One-stop shop to make India 20 times richer

Insects, insects everywhere, but we curl up our nose at this packet of protein. Totally avoidable malnutrition in India.

My first recollection of humans eating insects was in an English documentary (I forget its name) in which Africans were shown eating bees that they had extracted from an bee colony. They seemed to eat the bees together with the honey. Not very sure what I saw, it was when I was around 5 or 6 years old.

Later, one of our servants in Pune (when I was around 20) helped me remove the termite hills in our backyard. He always pocketed the queen termite and took it home – which was in our backyard – to feed his family. Apparently it was a delicacy. I don't recall his 'origins' but he was perhaps from some 'lower' caste or tribe.

In Assam I heard about (did not directly see) tribals who ate insects.

But Youtube is a real eye-opener. Now one can see not only how insects are widely eaten across the world but through google,find out much more than one ever knew before.

South East Asians are flourishing (IQ wise) by eating whatever proteins they can get, while South Asians have the world's lowest IQ and refuse to eat animal protein. Amazing stuff one learns from Youtube. This is called REAL learning.

In South Africa mopane worms are considered a delicacy:"One of the things that Solly most looks forward to about going home to the Limpopo Province is eating mopane worms." [Source]

"mopane worms can be soaked to rehydrate, before being fried until they are crunchy, or cooked with onion, tomatoes and spices and then served with sadza" []

"Dried mopane worms have become a multimillion-dollar industry, even exported to countries like South Africa and Botswana. They can be found in African restaurants in Paris." [Source]. This is a multi-million dollar business, so it is worth trying to grow in India, if only to export to other countries.
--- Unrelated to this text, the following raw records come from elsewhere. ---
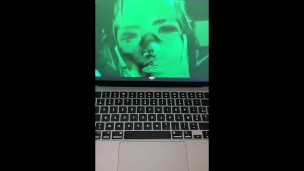 Masturbation devant cyberpunk v panam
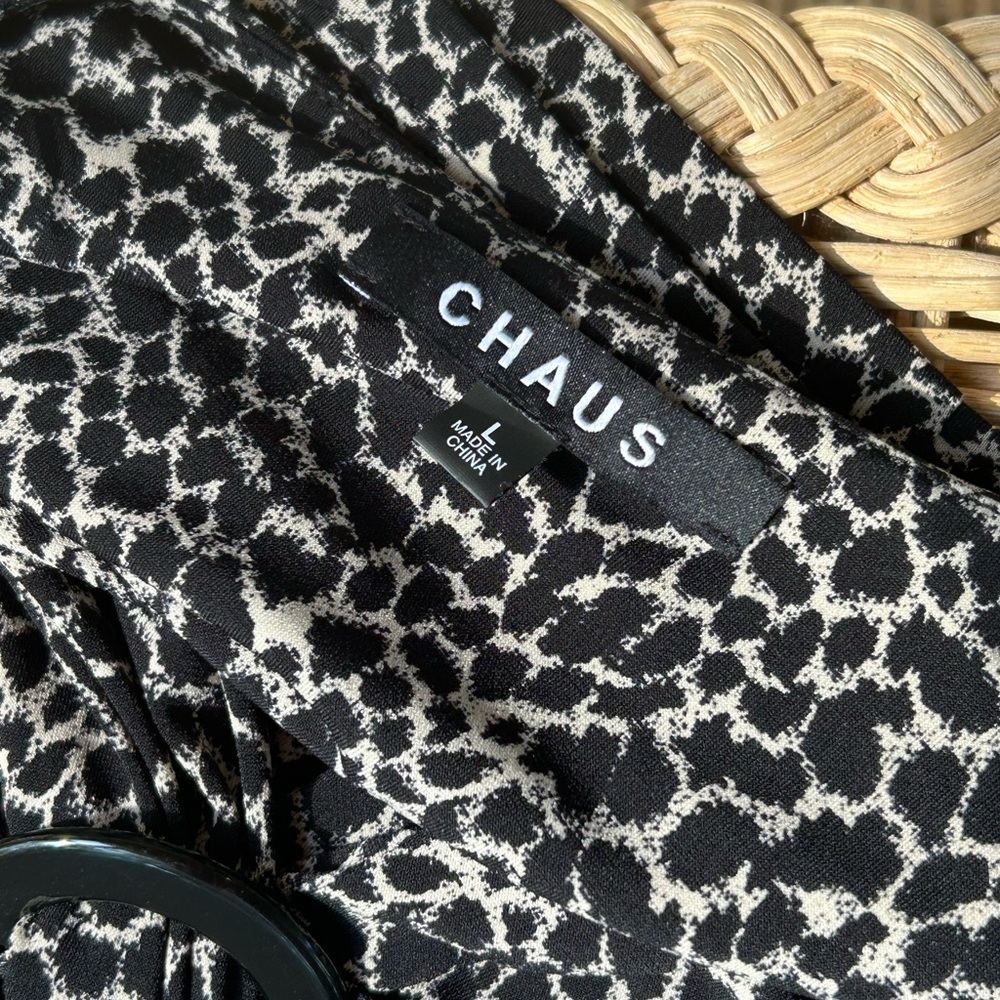 Vintage 90’s CHAUS V-Neck Leopard Print Sleeveless Blouse Top Gently Worn EUC!!! - Picture 8 of 11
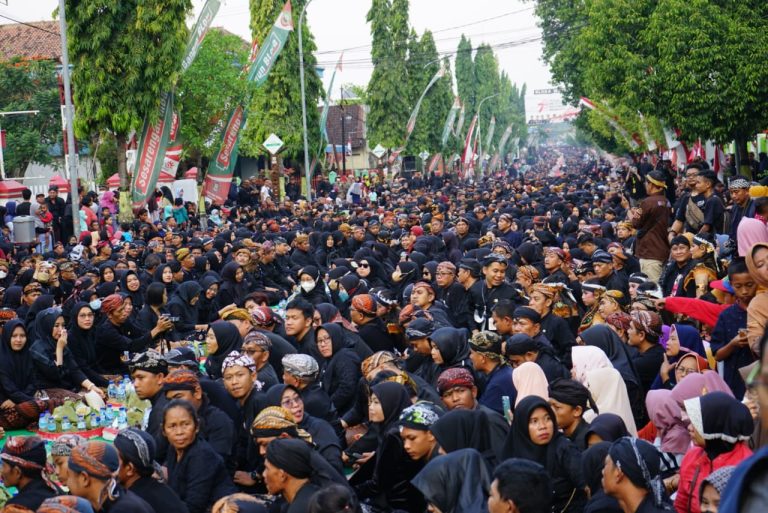 Sajikan Ribuan Sego Berkat, Tasyakuran HUT ke-78 RI di Blora Tercatat di MURI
"The report identifies parts of India as being among several places where insects are already a part of traditional diets. The practice of eating them seems to be limited to tribal regions in Assam and central India. Bodos consume insects such as caterpillars, termites, grasshoppers, crickets, and beetles every day, according to Hazarika’s initial report. In fact, these insects can be considered a staple. They supply as much nutritional value in terms of proteins and vitamins even when preserved for later consumption. When Hazarika began his studies, his team identified 10 insect species commonly consumed by the Bodos. That number has now grown to 29." [Source]


The study reveals that the community consumes a total of 10 (ten) species of edible insects belonging majorly to Hymenoptera, Hemiptera,  Orthoptera and Coleoptera orders. The nutrient values were also found out. As regards the consumption is concerned the study showed that 60% are at larval stage followed by mature 25% and 10% adult and rest live respectively. [Source]


"We prepared a consolidated list of edible and therapeutic insects used in Arunachal Pradesh (N.E. India) by two tribal societies (i.e., the Nyishi of East Kameng and the Galo of West Siang). The list is based on thorough, semi-structured field-interviews with 20 informants of each tribal group. At least 81 species of local insects, belonging to 26 families and five orders of insects, namely Coleoptera (24 species), Orthoptera (17 species), Hemiptera (16 species), Hymenoptera (15 species) and Odonata (9 species), are being used as food among members of these two indigenous societies." [Source]


Bastar has insect-eaters too. And the insects are presumably very good! (if the foul mouthed Gordon Ramsay likes them they must surely be good).
Here's a GREAT commercial opportunity (only thing: we can't have mass harvesting of wild ants, as that will destroy the ecology. We need insect husbandry.



"Insects as a Delicacy and a Nutritious Food in Thailand"


Japanese are enterprising, as well.


"Edible either raw or lightly cooked in hot ashes, they are sought out as a high-protein food by Indigenous Australians. The raw witchetty grub tastes like almonds and when cooked the skin becomes crisp like roast chicken while the inside becomes light yellow, like a fried egg" [Source]


There are a number of books on cooking insect:

The Insect Cookbook: Food for a Sustainable Planet

Eat-a-bug Cookbook: 33 ways to cook grasshoppers, ants, water bugs, spiders, centipedes, and their kin

FAO strongly recommends insects in the diet

Edible Insects: Click to download

And this (click for the book).


Well, no, but  if hygienically processed and cleaned, and cooked according to the best recipes, I'm willing to try them out. And from what I hear, some of the insects are true delicacies. Some bugs are apparently tastier than prawns. Same texture, even better taste.

Why not?

In any event, it is important to explore this avenue of protein and food for mankind. And particularly for malnourished India, which is virtually floating on a sea of insects.